--- Requirement ---
Please work out how many of the lines below include "account". Only the number should be given.

====== Data provided ======

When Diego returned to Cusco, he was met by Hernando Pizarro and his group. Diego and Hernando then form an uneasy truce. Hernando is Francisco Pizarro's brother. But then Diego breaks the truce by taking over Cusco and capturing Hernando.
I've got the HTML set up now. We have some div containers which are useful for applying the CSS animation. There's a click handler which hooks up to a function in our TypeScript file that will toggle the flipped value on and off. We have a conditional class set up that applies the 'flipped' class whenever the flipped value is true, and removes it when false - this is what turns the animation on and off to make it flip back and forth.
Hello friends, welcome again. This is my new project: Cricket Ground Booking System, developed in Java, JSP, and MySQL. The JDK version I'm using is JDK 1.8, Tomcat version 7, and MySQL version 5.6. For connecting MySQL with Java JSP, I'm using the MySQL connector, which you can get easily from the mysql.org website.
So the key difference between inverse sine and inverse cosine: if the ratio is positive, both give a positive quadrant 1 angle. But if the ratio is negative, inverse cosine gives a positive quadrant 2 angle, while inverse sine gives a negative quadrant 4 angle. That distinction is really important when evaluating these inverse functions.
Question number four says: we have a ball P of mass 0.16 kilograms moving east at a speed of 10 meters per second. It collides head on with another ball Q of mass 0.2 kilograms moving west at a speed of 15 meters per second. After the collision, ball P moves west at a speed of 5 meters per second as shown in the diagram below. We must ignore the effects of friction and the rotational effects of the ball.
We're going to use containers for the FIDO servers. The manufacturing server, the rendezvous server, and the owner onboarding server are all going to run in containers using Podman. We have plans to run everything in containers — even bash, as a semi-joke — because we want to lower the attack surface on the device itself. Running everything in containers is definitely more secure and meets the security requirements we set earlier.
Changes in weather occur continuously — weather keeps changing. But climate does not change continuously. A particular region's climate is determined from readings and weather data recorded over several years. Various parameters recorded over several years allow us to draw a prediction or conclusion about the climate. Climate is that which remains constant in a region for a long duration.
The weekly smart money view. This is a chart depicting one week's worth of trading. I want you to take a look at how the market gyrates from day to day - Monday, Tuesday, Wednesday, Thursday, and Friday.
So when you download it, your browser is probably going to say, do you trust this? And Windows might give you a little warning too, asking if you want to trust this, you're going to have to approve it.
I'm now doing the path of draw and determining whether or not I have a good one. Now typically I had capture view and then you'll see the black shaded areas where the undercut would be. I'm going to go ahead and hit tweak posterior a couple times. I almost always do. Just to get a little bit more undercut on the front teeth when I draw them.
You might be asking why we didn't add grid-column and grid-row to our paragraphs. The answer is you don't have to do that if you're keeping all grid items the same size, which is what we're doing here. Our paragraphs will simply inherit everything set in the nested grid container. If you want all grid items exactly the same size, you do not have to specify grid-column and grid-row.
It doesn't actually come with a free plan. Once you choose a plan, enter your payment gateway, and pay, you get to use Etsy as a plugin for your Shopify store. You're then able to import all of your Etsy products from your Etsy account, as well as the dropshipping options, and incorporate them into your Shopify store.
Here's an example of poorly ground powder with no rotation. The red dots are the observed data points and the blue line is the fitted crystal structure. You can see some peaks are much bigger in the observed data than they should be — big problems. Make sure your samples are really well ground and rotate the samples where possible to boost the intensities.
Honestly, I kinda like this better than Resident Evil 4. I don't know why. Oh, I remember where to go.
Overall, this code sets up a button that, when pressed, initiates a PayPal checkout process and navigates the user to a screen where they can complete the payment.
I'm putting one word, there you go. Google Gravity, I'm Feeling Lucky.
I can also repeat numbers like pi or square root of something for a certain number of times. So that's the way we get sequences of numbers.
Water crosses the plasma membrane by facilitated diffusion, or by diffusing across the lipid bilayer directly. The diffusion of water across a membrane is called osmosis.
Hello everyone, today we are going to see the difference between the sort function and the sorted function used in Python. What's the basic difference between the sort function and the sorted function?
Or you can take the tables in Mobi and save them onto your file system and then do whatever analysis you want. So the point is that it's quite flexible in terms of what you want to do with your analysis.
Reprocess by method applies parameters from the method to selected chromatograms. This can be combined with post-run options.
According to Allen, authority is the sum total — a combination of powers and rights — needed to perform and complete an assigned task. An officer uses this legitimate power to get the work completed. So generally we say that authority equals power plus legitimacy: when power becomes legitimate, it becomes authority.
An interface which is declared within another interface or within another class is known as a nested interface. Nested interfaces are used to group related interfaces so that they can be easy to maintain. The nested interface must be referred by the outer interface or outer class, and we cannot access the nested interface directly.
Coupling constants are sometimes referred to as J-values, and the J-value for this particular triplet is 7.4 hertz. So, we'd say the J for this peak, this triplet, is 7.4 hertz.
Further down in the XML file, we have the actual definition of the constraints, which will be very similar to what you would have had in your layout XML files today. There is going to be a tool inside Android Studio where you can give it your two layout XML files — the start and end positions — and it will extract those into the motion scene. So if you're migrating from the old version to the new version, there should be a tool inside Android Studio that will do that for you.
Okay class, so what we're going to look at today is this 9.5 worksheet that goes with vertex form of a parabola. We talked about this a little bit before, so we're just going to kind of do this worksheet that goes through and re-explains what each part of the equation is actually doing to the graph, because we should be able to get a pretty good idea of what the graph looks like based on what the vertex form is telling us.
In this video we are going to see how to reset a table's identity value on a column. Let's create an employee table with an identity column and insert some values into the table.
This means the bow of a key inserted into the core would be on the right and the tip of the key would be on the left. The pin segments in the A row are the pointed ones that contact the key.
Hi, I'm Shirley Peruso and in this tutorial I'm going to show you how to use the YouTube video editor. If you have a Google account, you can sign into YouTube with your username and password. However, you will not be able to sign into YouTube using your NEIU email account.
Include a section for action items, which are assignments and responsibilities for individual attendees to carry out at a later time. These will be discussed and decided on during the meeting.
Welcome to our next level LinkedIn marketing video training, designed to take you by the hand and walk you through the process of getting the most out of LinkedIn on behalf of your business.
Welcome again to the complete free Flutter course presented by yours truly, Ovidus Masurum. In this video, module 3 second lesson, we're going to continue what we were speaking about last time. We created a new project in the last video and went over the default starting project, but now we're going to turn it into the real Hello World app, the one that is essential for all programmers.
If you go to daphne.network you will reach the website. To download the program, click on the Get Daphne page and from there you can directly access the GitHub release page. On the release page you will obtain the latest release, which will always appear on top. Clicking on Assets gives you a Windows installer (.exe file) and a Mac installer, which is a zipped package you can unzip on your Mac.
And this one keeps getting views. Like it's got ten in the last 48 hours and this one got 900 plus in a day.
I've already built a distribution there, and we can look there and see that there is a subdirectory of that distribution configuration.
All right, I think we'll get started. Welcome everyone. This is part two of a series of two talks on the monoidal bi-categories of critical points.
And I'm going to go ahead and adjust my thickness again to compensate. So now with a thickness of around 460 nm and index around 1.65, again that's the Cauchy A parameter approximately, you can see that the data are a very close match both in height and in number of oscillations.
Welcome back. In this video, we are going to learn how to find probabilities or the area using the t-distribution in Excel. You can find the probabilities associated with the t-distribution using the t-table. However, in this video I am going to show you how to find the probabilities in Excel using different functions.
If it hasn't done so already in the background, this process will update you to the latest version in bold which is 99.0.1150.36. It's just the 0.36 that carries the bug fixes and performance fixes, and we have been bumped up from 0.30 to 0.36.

======

--- Answer space ---
2